Spring 2015 Article

More People More Slum: Venezuela's Struggle with Urbanization

By Charmaine Shuford
Photo credit: ©Iwan Baan 1996-2010

The tallest building in Caracas, Venezuela was intended to be one of the most beautiful, well designed, and elaborate structures in the city. It would have glistened at night with such marvel that people would have stopped and stared in amazement. However, it is not the tallest, most elaborate and stunning skyscraper in Caracas, but instead is currently the tallest vertical slum in the world (Silva 2014). The 45-story, half-finished building, known as the Tower of David, was initially planned to be a banking center. Construction on the structure began in 1990, but it was halted in 1994 because of the banking crisis and the death the building’s founder and main investor, J. David Brillembourg. The government immediately took control of the building after Brillembourg’s death, but did not continue construction. The structure stood vacant for more than a decade, and in 2007 squatters began to move in due to the massive shortage of housing. The 300 families now living in the Tower of David once lived in squatter settlements on the ground, but due to the heavy rainfall that occurs and the lack of substantial infrastructure, they were forced to relocate to this vertical slum. Since then, the roughly 2,500 squatters have developed a community with a convenience store as well as a beauty shop and a gym. Recently, the government has begun to take action and move the families into new homes following the realization of the hazardous conditions of the building. However, many question why the government has now decided that housing should be a priority after so many years of failure to address the problem.

The Tower of David is a harsh reality of what people do when they are faced with no other option for housing. This article will examine the historical and social aspects of urbanization and how they contribute to what is now, finally, being called a “housing crisis” in Caracas.(Romero 2011) It will then analyze the ways in which the government is taking action to combat the housing shortage. From this, this paper will assess if the government has properly allocated public spending funds to the renovation and completion of previous infrastructure projects, such as the Tower of David, which would assist in combating Caracas’ housing problem with “overurbanization.”

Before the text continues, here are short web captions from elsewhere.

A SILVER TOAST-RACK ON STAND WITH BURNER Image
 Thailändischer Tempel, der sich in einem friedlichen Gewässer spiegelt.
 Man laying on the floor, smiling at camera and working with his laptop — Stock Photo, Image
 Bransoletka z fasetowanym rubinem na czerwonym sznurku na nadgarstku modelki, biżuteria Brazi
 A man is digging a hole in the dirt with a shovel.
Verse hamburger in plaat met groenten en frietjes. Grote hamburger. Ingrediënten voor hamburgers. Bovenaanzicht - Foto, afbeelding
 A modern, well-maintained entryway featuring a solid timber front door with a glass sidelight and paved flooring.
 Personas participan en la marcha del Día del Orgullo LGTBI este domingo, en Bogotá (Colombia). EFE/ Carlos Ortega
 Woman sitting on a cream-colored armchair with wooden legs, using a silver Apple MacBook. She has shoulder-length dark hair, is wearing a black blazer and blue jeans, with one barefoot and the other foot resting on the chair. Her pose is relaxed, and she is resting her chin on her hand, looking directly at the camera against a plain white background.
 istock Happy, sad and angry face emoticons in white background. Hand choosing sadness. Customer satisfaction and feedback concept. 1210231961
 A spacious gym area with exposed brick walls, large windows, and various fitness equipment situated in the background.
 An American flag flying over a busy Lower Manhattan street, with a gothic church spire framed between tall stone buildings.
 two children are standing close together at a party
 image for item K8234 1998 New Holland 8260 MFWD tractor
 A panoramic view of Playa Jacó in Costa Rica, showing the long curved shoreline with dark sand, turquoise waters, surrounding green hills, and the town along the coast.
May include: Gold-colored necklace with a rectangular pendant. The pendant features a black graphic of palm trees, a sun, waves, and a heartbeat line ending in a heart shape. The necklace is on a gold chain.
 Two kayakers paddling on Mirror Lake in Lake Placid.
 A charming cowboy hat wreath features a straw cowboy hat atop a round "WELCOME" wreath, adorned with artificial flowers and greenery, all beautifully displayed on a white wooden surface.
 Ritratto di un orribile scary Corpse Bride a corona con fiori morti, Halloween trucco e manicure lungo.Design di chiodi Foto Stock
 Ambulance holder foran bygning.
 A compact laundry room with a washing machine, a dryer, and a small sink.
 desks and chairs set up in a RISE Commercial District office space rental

Perez Jimenez’s Infrastructure Project

In the 1950s and 1960s, Caracas was viewed as one of Latin America’s most modern cities (Otis, 2011). A surge in economic growth due to the Venezuelan oil boom, as well as a severe decline in the farming economy, created an increase in urbanization in the city. Urbanization is defined as “the shift from a rural to an urban society, [which] occurs as a result of a number of complex and intersecting dynamics which include, but are not limited to: economic restructuring, environmental degradation, political policies, religious or ethnic conflict, poverty, and food scarcity” (Bartlett, Garcia, and Saah 2012). This idea of urbanization caused a severe strain on the city due to the sudden high demand for housing. It would soon be necessary to provide proper living arrangements for everyone moving to Caracas; this would lead the city to its first urban housing structures. However, these housing structures, initially meant for the working and middle class, were not enough to satisfy the expanding population of the working poor.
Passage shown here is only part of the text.